Educação é fundamental
Gilmar trouxe ainda para o debate a confirmação de que a educação é a base da cidadania, pilar da preservação e da sustentabilidade. E que Uberlândia, novamente, tem algo a apresentar nesse setor: o projeto Água Cidadã. Trata-se de um trabalho com as crianças, ao longo de todo o ano.
“Mostramos aos meninos como se produz água, como a água suja se torna limpa e tratada. Queremos fazer com que a criança entenda o custo que se tem para o tratamento de água. E que não é justo ficar com mangueira lavando calçadas com água tratada.”
Gilmar insistiu que crise é oportunidade. E apresentou aos debatedores um dado: Uberlândia reduziu em 20% seu consumo de água, sem causar desequilíbrio financeiro ao Dmae. “E nós não tivemos crise. Estamos com duas usinas de tratamento de água e estamos começando a construção da terceira de captação, para uma população de 1,5 milhão de habitantes, sendo que Uberlândia tem atualmente aproximadamente 650 mil. Estamos pensando no futuro, criando condições e tranquilidade para que a cidade cresça. E para que as atividades econômicas continuem funcionando”.
Mapa Azul e Verde
Mas, para tudo isso, é necessário manter os recursos hídricos monitorados. Gilmar mostrou que, ano passado, em parceria com a Secretaria de Meio Ambiente, foi elaborado o Mapa Azul e Verde. O plano cadastrou todos os 26 córregos e cursos d’água do município. Todos estão com tratamento e será feito o controle de cada um, bem como o dos equipamentos públicos de área verde. “Elas nos ajudam a determinar um local de absorção da água”, esclareceu.
O prefeito de Uberlândia anunciou ainda que está para ser lançado um projeto de captação de água nas escolas, pois, na crise, as pessoas entram em desespero e o fazem sem a devida orientação. O resultado foi um surto de dengue, em parte provocado pelo armazenamento errado da água.

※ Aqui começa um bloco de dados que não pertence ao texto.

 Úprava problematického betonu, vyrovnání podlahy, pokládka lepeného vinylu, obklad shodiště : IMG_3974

“Não se pode resolver um problema criando outro. Os municípios devem estar preparados para o novo modelo. Temos que fazer captação de água, mas de forma orientada e organizada. Senão, teremos problemas na área da saúde”.

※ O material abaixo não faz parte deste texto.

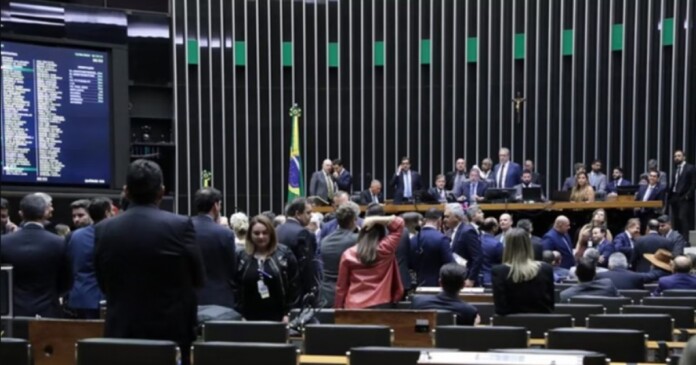 pec-da-anistia:-17-deputados-ja-pediram-para-retirar-assinaturas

Integração pressupõe diálogo
A integração da administração pública somente se sustenta se houver um amplo diálogo. No debate, o prefeito Gilmar Machado cobrou um acesso maior aos organismos federais, sobretudo ao Instituto Nacional de Colonização e Reforma Agrária (Incra). Isso porque, como observou, Uberlândia tem 16 assentamentos de trabalhadores rurais, que precisam de condições mínimas de higiene e saúde.
“Todos acham que tratamento de esgoto se faz somente em área urbana. Noventa e nove por cento do município é atendido. Mas ninguém sabe responder quando o caso envolve a área rural. Ora, quem está lá também é atendido”, reclamou. Gilmar acrescentou que em dois assentamentos estão sendo desenvolvidos dois projetos de fossas sépticas e de tratamento de esgoto.
“E vamos chegar nos outros porque eles também têm direito. E porque vamos melhorar a agricultura. Você chega numa área que tinha um fazendeiro, e agora tem 250, o que você vai fazer? Como fossa negra vem contaminação. E prejuízo na agricultura. Preciso fazer tratamento ali por conta da atividade econômica”.
Balanço do encontro
Na rodada de debates, participaram também representantes do Instituto Ethos, do Greenpeace e do Conselho Federal de Engenharia. Instituições que, na visão de Gilmar, demonstra que o recurso hídrico é a grande discussão dos próximos anos.
“A presença dessas entidades por si só demonstra a necessidade de integração. A Frente Nacional de Prefeitos está fazendo diálogos importantes, com pessoas experientes, que vão nos ajudar a fomentar a grande mobilidade que temos que ter na sociedade”.